Ve  hatta, dayanağı olmayan içki satışı yasağı kararında, galiba nezaketen İl Hıfzısıhha Kurulu’na yazılmış olan, İzmir Büyükşehir Belediye Başkanı’nın “kabul” imzasının olması ne anlama gelmektedir ki?

Bunlar duracak hafızamızın bir yerlerinde.

Bir gün olur; “Rakı biter saki kalır, her renk solar haki kalır.”

Göstermek de suç…

Vallahi içim daralıyor bu “Kırmızı oda”dan…

Aynı ekip “Camdaki kız”ı da çekiyor…

Gülseren Buğdaycıoğlu  hocanın gerçek hayattan aldığı hikayeler bunlar…

Konuyu anlayıp, ayrıntıdan kaçıyorum, çünkü bunalıyorum…

Camdan Kalp”te de durum anlaşıldı ilk bölümden…

Gerçekten bu insanlar bu ülkede yaşıyor, yaşadılar maalesef…

Kıza yapmadığını bırakmıyor anneannesi…

Namus davasına, eşek kadar kızı, adeta bekaret kemeri ile sarmalayıp, her dakikasını telefonla takip falan… Ben bunaldım içim bunaldı…

Sonra bir baktım aaaa… RTÜK  yayıncıya ceza kesiyor…

Neden?

Bazı sahnelerin “Manevi değerler ve genel ahlaka uygun olmadığından…”

“Toplumsal, cinsiyet eşitliğine ters düşen ve kadını istismar eden…” falan…

Hadi okuduğunuzu anlamıyorsunuz, anladık…

İnsan izlediğini de orasından mı anlar be birader?

Film; topluma ayna tutuyor.

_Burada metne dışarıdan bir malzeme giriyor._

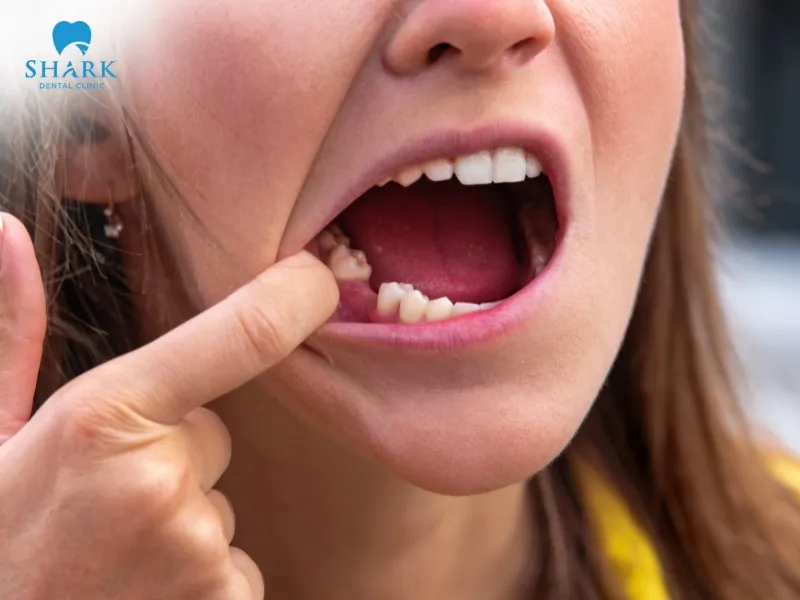 A temporary crown may fall off due to a poor fit, low-quality dental cement, or chewing too hard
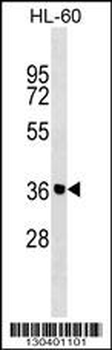 ZNF785 Antibody (N-term)
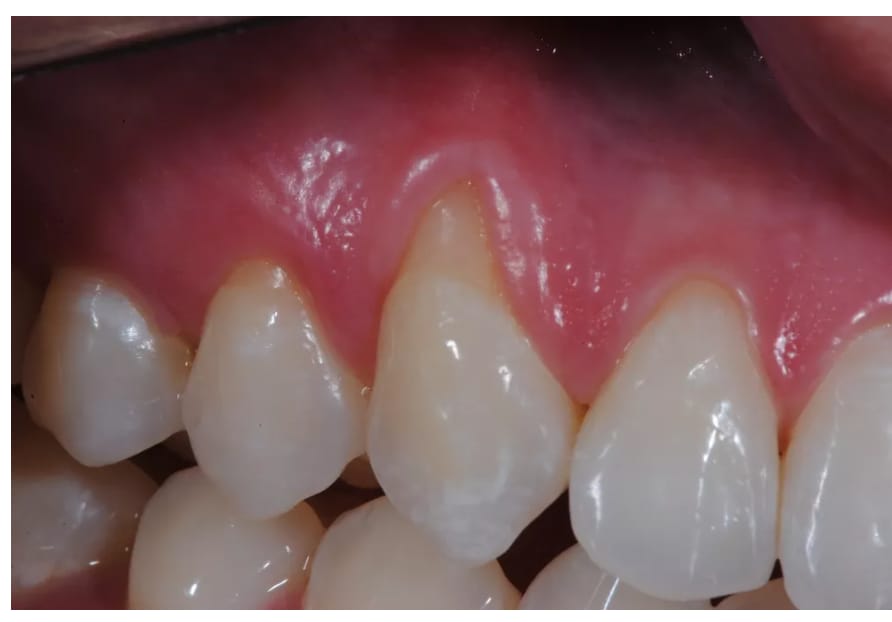 O Refluxo Gastroesofágico pode causar prejuízos irreversíveis no dente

Yapılanın nasıl rezil bir şey olduğunu gösteriyor…

Filmin tamamı, tam da aldığınız kararı yaratan durumları eleştiriyor…

Zaten o gözle bakıp eleştiriyor…

Doğruyu göstereni dokuz köyden kovarlar mı?

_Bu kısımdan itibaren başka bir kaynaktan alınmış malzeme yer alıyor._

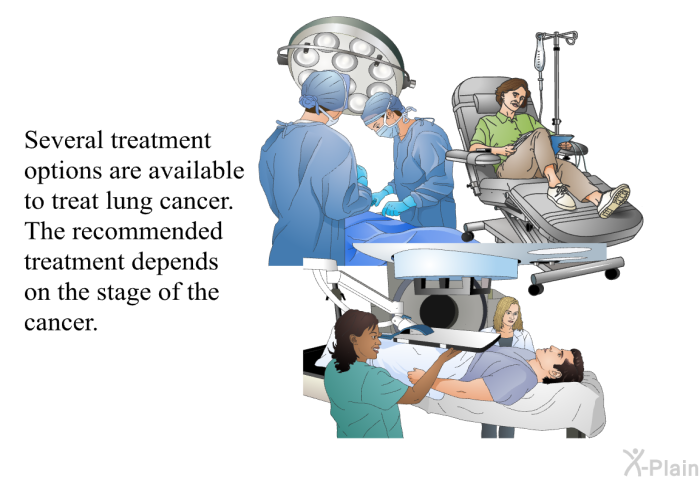 Several treatment options are available to treat lung cancer. The recommended treatment depends on the stage of the cancer.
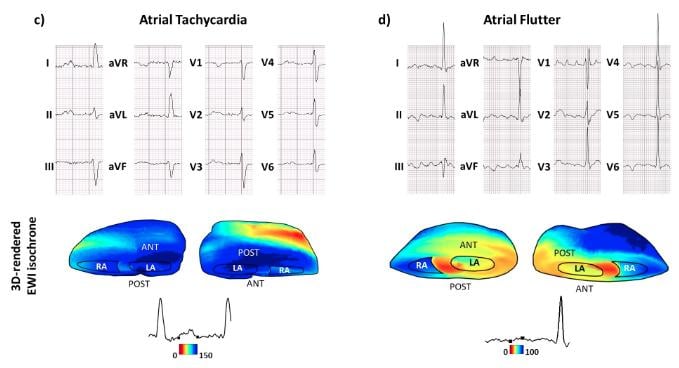 Electromechanical Wave Imaging (EWI) is a new, high-frame rate 3-D rendered ultrasound technique that can noninvasively map the electromechanical activation of heart rhythm. This example shows the ECG tracings compared to the EWI image of the heart.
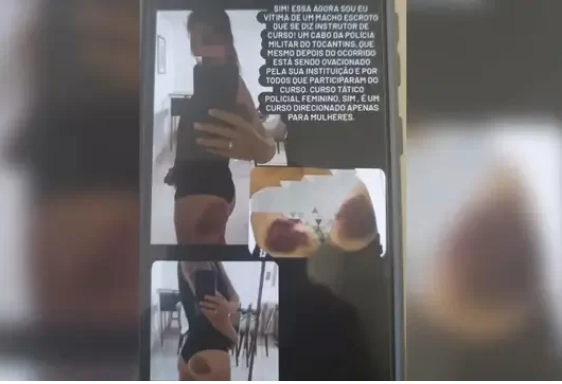 “Dor psicológica”: diz policial feminina vítima de agressão em curso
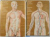 HUMAN ANATOMY , VOL I-II ,  by M.PRIVES, N. LYSENKOV , V. BUSHKOVICH 1985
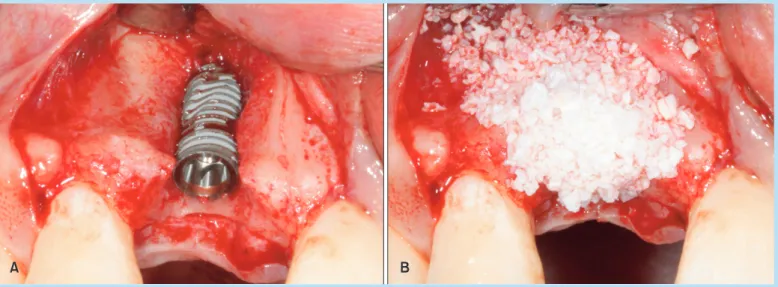Fig. 3. 	Intraoral	photos	at	implant	placement	and	guied	bone	regeneration.	(A)	Placement	of	the	implant	resulted	in	a	buccal	 dehiscence.	(B)	Peri-implant	dehiscence	was	corrected	with	guided	bone	regeneration	techniques.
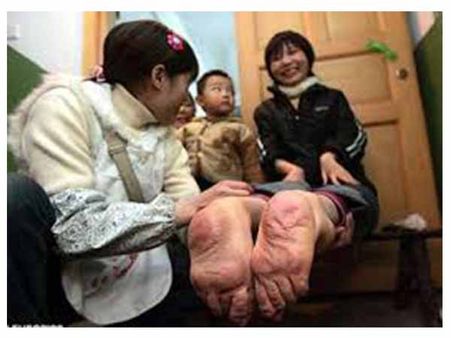 A Woman Born With Feet Facing Backwards A Woman Born With Feet Facing Backwards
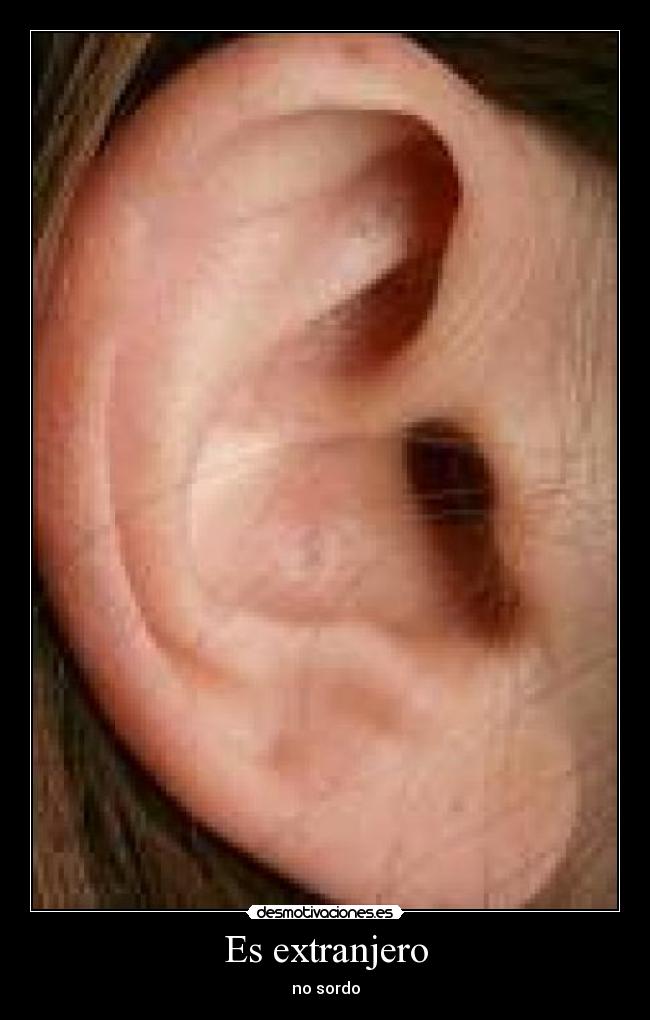Es extranjero - no sordo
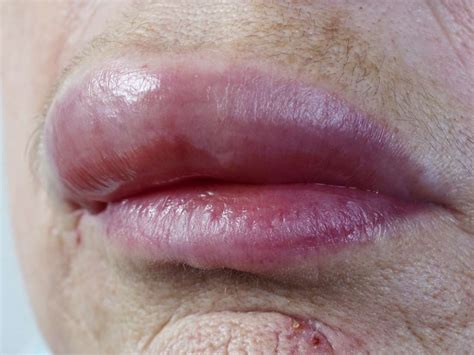 Actinic Cheilitis Causes Treatment And Prevention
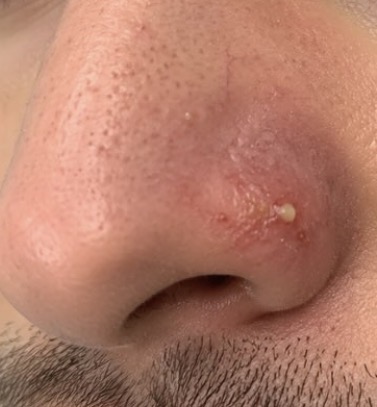 Nasal Pustule — Emergency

Kovarlar kardeşim… Kovarlar…

'Sek yol devrim'

-“Rusya votkasıyla, Fransa  şarabıyla, Almanya birasıyla faşizmi yıktı…

Amerika hepsini karıştırıp dünya devi oldu…

Biz güzelim rakımızla bir gıdım ilerleyemedik  baba…

Nerede hata yapıyoruz?”

-“Sulandırıyorsunuz, sulandırmayın”

-“Ne yapak?”

-“Sek için…”

-“SEK YOL DEVRİM…”

Mucize nedir?

Bilgi Durağı’nda rastladım…

“Geminin mutfağında ölmeyi bekleyen istakozlar için, Titanik’in batması bir mucizeydi…”

Çok da ümitsiz olmamak lazım yani…

DELİ ZİYA

“Benim ‘Rakı’ma , ‘Alkol’ diyen, alkoliktir. ‘Rakı’nın adı ‘Rakı’dır…”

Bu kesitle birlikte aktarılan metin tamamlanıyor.